• **Material for this task**
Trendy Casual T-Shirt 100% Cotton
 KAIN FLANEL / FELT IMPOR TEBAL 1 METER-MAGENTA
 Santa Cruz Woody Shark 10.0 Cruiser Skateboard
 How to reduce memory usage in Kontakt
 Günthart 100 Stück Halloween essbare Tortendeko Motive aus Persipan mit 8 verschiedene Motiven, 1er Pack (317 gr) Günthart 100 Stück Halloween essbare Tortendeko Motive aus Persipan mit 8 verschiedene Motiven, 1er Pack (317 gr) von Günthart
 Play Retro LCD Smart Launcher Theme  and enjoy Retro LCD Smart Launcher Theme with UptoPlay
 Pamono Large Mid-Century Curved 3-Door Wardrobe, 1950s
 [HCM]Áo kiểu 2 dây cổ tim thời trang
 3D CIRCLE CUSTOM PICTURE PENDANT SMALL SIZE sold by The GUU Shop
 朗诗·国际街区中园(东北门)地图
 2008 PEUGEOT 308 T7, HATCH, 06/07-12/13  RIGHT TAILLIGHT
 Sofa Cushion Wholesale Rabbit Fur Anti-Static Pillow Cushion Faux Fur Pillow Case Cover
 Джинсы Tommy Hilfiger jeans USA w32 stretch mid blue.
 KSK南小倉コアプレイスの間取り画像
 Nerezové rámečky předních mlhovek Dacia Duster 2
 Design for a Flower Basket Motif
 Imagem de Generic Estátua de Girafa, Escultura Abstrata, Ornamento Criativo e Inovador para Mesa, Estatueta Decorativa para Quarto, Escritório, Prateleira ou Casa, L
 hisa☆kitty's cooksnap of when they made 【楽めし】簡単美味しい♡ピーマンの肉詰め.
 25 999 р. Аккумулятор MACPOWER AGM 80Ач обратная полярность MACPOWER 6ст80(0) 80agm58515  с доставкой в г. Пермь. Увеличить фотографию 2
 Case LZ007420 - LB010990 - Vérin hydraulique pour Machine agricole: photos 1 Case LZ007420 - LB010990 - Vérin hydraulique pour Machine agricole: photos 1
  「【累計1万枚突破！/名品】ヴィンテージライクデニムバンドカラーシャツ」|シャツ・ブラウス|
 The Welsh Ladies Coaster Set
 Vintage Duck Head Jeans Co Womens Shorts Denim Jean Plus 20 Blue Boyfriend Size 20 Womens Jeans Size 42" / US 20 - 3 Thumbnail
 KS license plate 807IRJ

• **Your assignment**
Print every record above exactly as it stands.

• **Result for this exercise**
Trendy Casual T-Shirt 100% Cotton
 KAIN FLANEL / FELT IMPOR TEBAL 1 METER-MAGENTA
 Santa Cruz Woody Shark 10.0 Cruiser Skateboard
 How to reduce memory usage in Kontakt
 Günthart 100 Stück Halloween essbare Tortendeko Motive aus Persipan mit 8 verschiedene Motiven, 1er Pack (317 gr) Günthart 100 Stück Halloween essbare Tortendeko Motive aus Persipan mit 8 verschiedene Motiven, 1er Pack (317 gr) von Günthart
 Play Retro LCD Smart Launcher Theme  and enjoy Retro LCD Smart Launcher Theme with UptoPlay
 Pamono Large Mid-Century Curved 3-Door Wardrobe, 1950s
 [HCM]Áo kiểu 2 dây cổ tim thời trang
 3D CIRCLE CUSTOM PICTURE PENDANT SMALL SIZE sold by The GUU Shop
 朗诗·国际街区中园(东北门)地图
 2008 PEUGEOT 308 T7, HATCH, 06/07-12/13  RIGHT TAILLIGHT
 Sofa Cushion Wholesale Rabbit Fur Anti-Static Pillow Cushion Faux Fur Pillow Case Cover
 Джинсы Tommy Hilfiger jeans USA w32 stretch mid blue.
 KSK南小倉コアプレイスの間取り画像
 Nerezové rámečky předních mlhovek Dacia Duster 2
 Design for a Flower Basket Motif
 Imagem de Generic Estátua de Girafa, Escultura Abstrata, Ornamento Criativo e Inovador para Mesa, Estatueta Decorativa para Quarto, Escritório, Prateleira ou Casa, L
 hisa☆kitty's cooksnap of when they made 【楽めし】簡単美味しい♡ピーマンの肉詰め.
 25 999 р. Аккумулятор MACPOWER AGM 80Ач обратная полярность MACPOWER 6ст80(0) 80agm58515  с доставкой в г. Пермь. Увеличить фотографию 2
 Case LZ007420 - LB010990 - Vérin hydraulique pour Machine agricole: photos 1 Case LZ007420 - LB010990 - Vérin hydraulique pour Machine agricole: photos 1
  「【累計1万枚突破！/名品】ヴィンテージライクデニムバンドカラーシャツ」|シャツ・ブラウス|
 The Welsh Ladies Coaster Set
 Vintage Duck Head Jeans Co Womens Shorts Denim Jean Plus 20 Blue Boyfriend Size 20 Womens Jeans Size 42" / US 20 - 3 Thumbnail
 KS license plate 807IRJ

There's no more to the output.